Stop, Drop and Roll While Editing a Second Draft


Writing a first draft is a sometimes heady, sometimes frustrating, sometimes debilitating experience. There’s a lot to it, what with:

  1. Coming up with the story premise in the first place

  2. Fleshing out the story premise in a sustainable way

  3. Supporting the story idea that stemmed from the story premise from start to finish… through chapter after chapter after chapter after chapter after chapter.

That’s some serious work, complete with creative inspirations, writer’s block and the emotional highs and lows they come with.

After you’re done with that, then you’re on to editing a first draft. Which is a sometimes horrifying, sometimes exhilarating, sometimes debilitating experience.

Then comes the second-draft editing phase. Which is technically the same as working on your third draft. Which is a sometimes horrifying, somethings exhilarating, sometimes debilitating experience.

Sound familiar?

It should. Because when it comes to editing a second draft, you’ve definitely done it all before.

As stated above, the second-draft editing phase is also the third-draft working-on phase. It’s rather like how your first birthday plus three months begins your second year of life.

Actually, that’s a really great way of looking at it. Writing your first draft is like a fetus forming in his or her mother’s womb. After he or she is born, it’s all about learning to live in the real world… step by tiny baby step.

Would you ever send a two-year-old out into the world all by himself? Of course not!

And you should never do that with an editorial second draft or a third writing draft either.

Whatever you want to call it, it’s still got a lot left to learn.

Second Draft:

After you finish strengthening your narrative hook and looking for plot holes during the first-draft editing phase, you move on to the second-draft editing phase. Which is exactly like the first-draft editing phase, only a second time around.

Second drafts aren’t final drafts for the same reason that first drafts aren’t. As we’ve said before, when you’re working with a story of 70,000 words (or more) that you wrote over weeks or months (or more), there’s bound to be mistakes – enough so to take some work to catch.

So… get to work already. It’s as simple as that.
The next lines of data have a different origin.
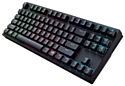 Cooler Master MasterKeys Pro S RGB black USB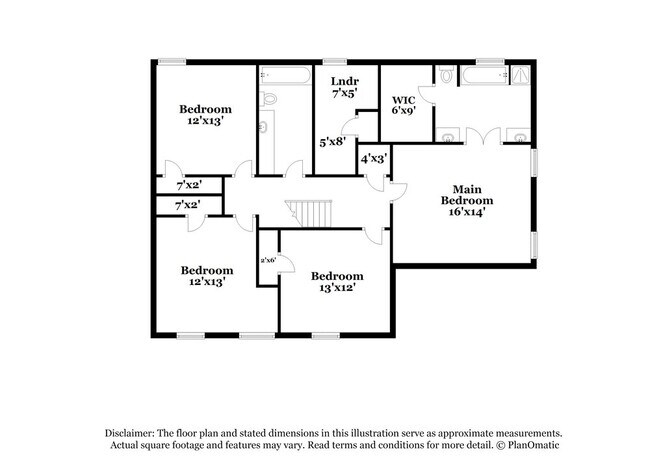 Building Photo - 3815 Green Pasture Rd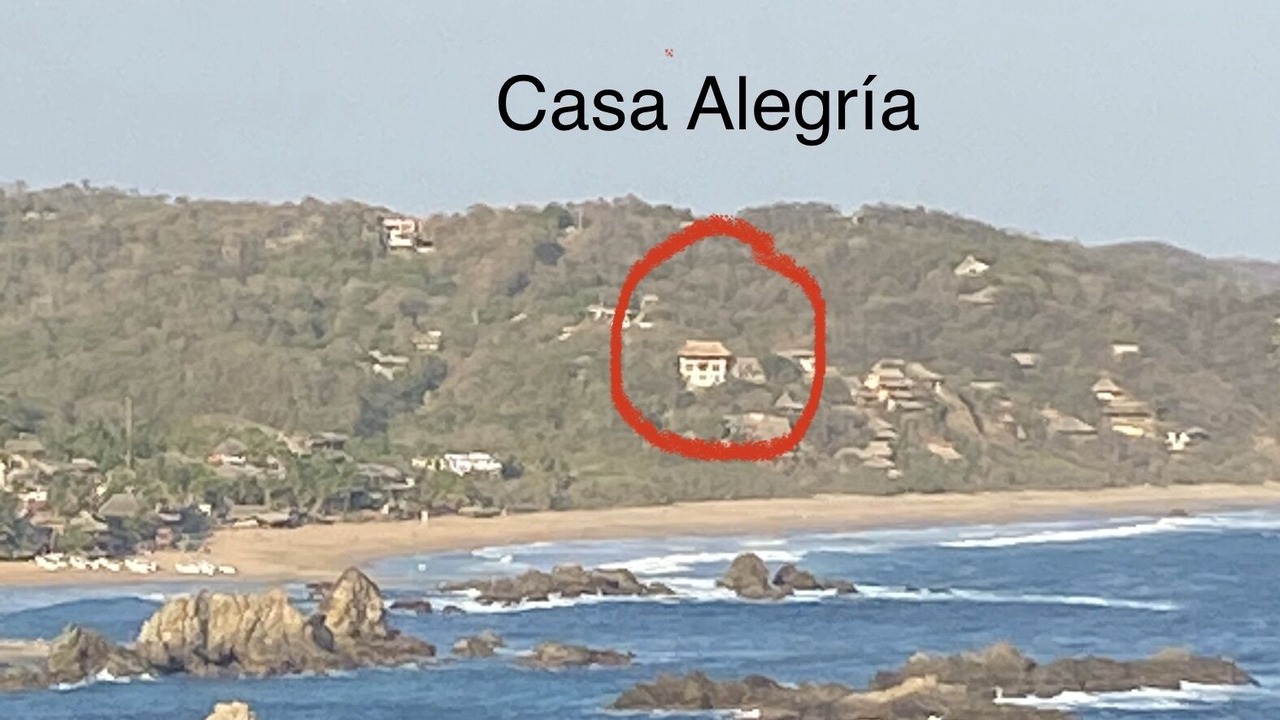 Photo of Others in San Agustinillo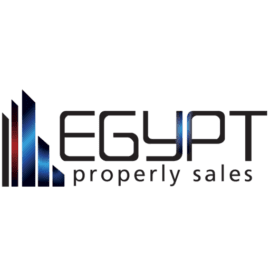 إيجيبت بروبرتي سيلز | Egypt Property Sales logo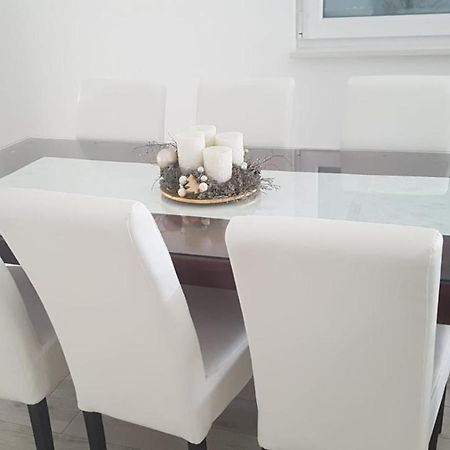 Apartman Lora Ljubuski Exterior photo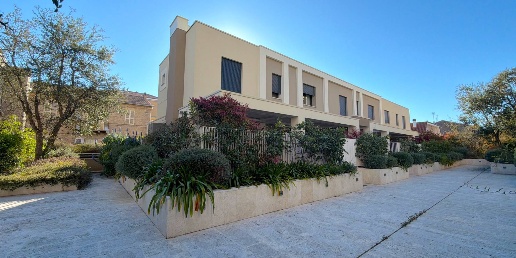 Foto Villa a schiera in Via Padre Sigismondo Damiani 4, di 110 m²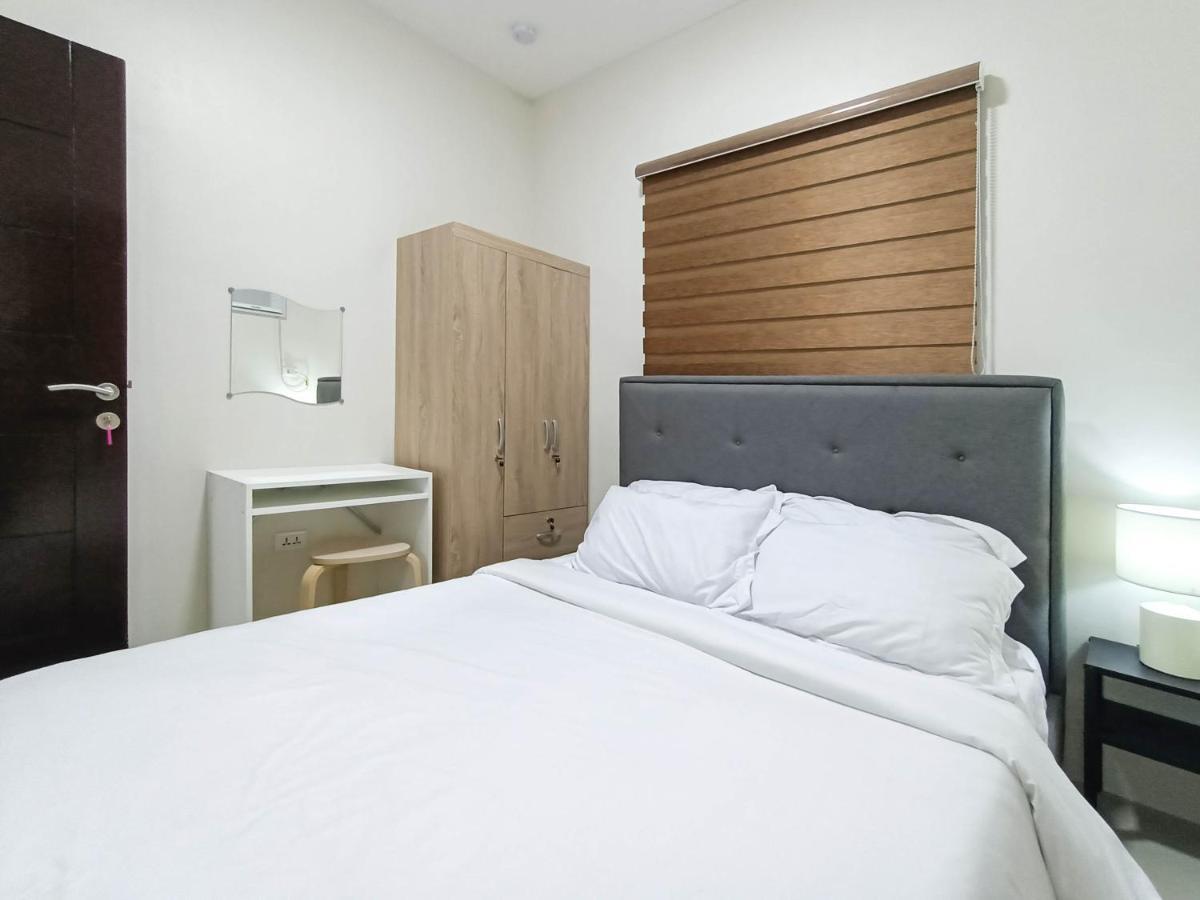 Manzil Anilao B&B Mabini  Ngoại thất bức ảnh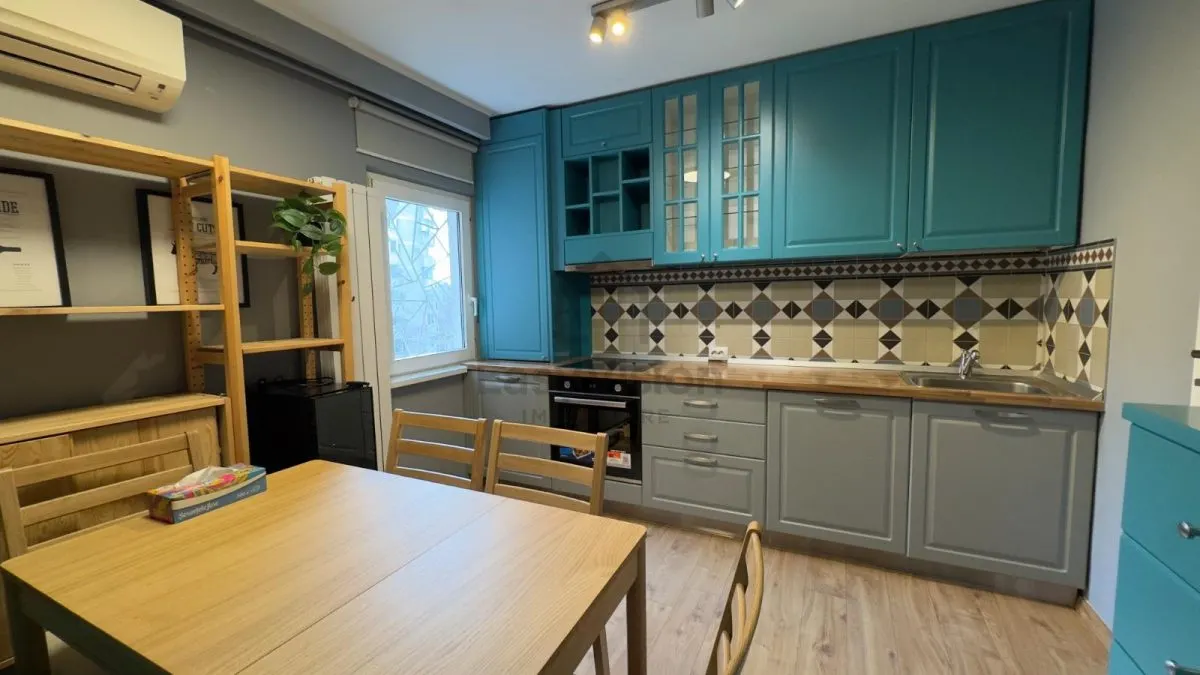 Apartament 4 camere | Zona Panduri Cotroceni | Sector 5 - foto 1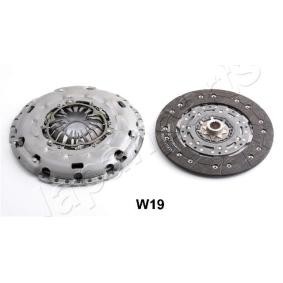 Acquista Spingidisco da JAPANPARTS online per Mokka / Mokka X (J13) a prezzi moderati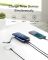 Зовнішній акумулятор Power Bank VEGER MagOn 10000MAH (W1151)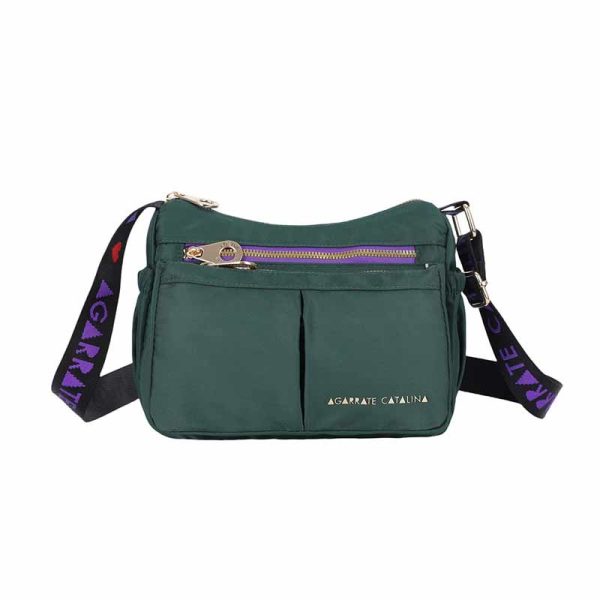 Bandolera Agarrate Catalina ART ACINV25301 - Imagen 2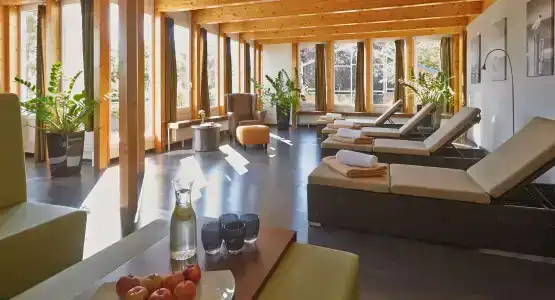 Upstalsboom Parkhotel - 1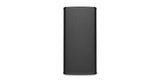 QSC PL-DC12 Two-way 12-inch point source loudspeaker with directivity control - Creation Networks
By getting to work, I mean starting from the beginning of the story and reading it through all over again.

When you find a mistake – and you’re bound to find a bunch when editing a second draft – take a note from the firefighter’s safety guide, and stop, drop and roll.

  1. Stop – You’ve got a problem. And the moment you recognize it is probably the best time to at least start fixing it.

  2. Drop – Yes, you were the one who created that problem. Which is frustrating and/or embarrassing and/or debilitating. But drop all those emotions somewhere they won’t bleed out onto your second draft. You don’t have time for them right now.

  3. Roll – So your manuscript took a swing at you. So what? Kick it right back! Roll with the punches, and tell the problem where to go and what to do with itself.

That’s the only way to handle a story on fire, whether you’re working a first draft… editing a first draft…

Or doing that whole editing thing another time around.